**YOUR TASK:** Set down the full listing exactly, character for character.

* * * * * * * * *

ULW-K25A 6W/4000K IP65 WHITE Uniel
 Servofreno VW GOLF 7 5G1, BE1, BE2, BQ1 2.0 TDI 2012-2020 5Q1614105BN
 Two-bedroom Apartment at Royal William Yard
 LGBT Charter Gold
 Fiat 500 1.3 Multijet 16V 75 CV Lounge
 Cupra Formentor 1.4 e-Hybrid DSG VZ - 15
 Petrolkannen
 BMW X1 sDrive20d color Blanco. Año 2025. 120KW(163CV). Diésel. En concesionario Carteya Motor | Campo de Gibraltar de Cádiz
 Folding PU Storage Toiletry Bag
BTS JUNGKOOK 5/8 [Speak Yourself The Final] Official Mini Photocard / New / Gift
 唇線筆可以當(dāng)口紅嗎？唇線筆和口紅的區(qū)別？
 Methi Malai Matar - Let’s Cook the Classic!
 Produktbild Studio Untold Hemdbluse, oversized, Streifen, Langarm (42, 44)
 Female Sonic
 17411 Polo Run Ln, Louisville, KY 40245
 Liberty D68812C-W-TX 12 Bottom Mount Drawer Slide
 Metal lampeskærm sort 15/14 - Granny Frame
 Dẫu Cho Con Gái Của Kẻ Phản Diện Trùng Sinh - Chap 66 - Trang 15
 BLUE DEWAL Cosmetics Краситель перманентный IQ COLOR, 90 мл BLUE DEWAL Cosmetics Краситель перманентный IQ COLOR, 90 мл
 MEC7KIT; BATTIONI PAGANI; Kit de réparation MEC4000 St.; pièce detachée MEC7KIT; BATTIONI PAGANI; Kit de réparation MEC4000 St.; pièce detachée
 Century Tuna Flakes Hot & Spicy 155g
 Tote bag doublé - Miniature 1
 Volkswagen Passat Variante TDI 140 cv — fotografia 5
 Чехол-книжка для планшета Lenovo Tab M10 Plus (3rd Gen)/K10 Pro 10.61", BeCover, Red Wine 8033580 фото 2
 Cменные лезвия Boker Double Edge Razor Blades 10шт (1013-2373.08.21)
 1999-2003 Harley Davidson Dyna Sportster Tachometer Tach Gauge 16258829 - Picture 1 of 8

* * * * * * * * *

**RESULT OF THE EXERCISE:**
ULW-K25A 6W/4000K IP65 WHITE Uniel
 Servofreno VW GOLF 7 5G1, BE1, BE2, BQ1 2.0 TDI 2012-2020 5Q1614105BN
 Two-bedroom Apartment at Royal William Yard
 LGBT Charter Gold
 Fiat 500 1.3 Multijet 16V 75 CV Lounge
 Cupra Formentor 1.4 e-Hybrid DSG VZ - 15
 Petrolkannen
 BMW X1 sDrive20d color Blanco. Año 2025. 120KW(163CV). Diésel. En concesionario Carteya Motor | Campo de Gibraltar de Cádiz
 Folding PU Storage Toiletry Bag
BTS JUNGKOOK 5/8 [Speak Yourself The Final] Official Mini Photocard / New / Gift
 唇線筆可以當(dāng)口紅嗎？唇線筆和口紅的區(qū)別？
 Methi Malai Matar - Let’s Cook the Classic!
 Produktbild Studio Untold Hemdbluse, oversized, Streifen, Langarm (42, 44)
 Female Sonic
 17411 Polo Run Ln, Louisville, KY 40245
 Liberty D68812C-W-TX 12 Bottom Mount Drawer Slide
 Metal lampeskærm sort 15/14 - Granny Frame
 Dẫu Cho Con Gái Của Kẻ Phản Diện Trùng Sinh - Chap 66 - Trang 15
 BLUE DEWAL Cosmetics Краситель перманентный IQ COLOR, 90 мл BLUE DEWAL Cosmetics Краситель перманентный IQ COLOR, 90 мл
 MEC7KIT; BATTIONI PAGANI; Kit de réparation MEC4000 St.; pièce detachée MEC7KIT; BATTIONI PAGANI; Kit de réparation MEC4000 St.; pièce detachée
 Century Tuna Flakes Hot & Spicy 155g
 Tote bag doublé - Miniature 1
 Volkswagen Passat Variante TDI 140 cv — fotografia 5
 Чехол-книжка для планшета Lenovo Tab M10 Plus (3rd Gen)/K10 Pro 10.61", BeCover, Red Wine 8033580 фото 2
 Cменные лезвия Boker Double Edge Razor Blades 10шт (1013-2373.08.21)
 1999-2003 Harley Davidson Dyna Sportster Tachometer Tach Gauge 16258829 - Picture 1 of 8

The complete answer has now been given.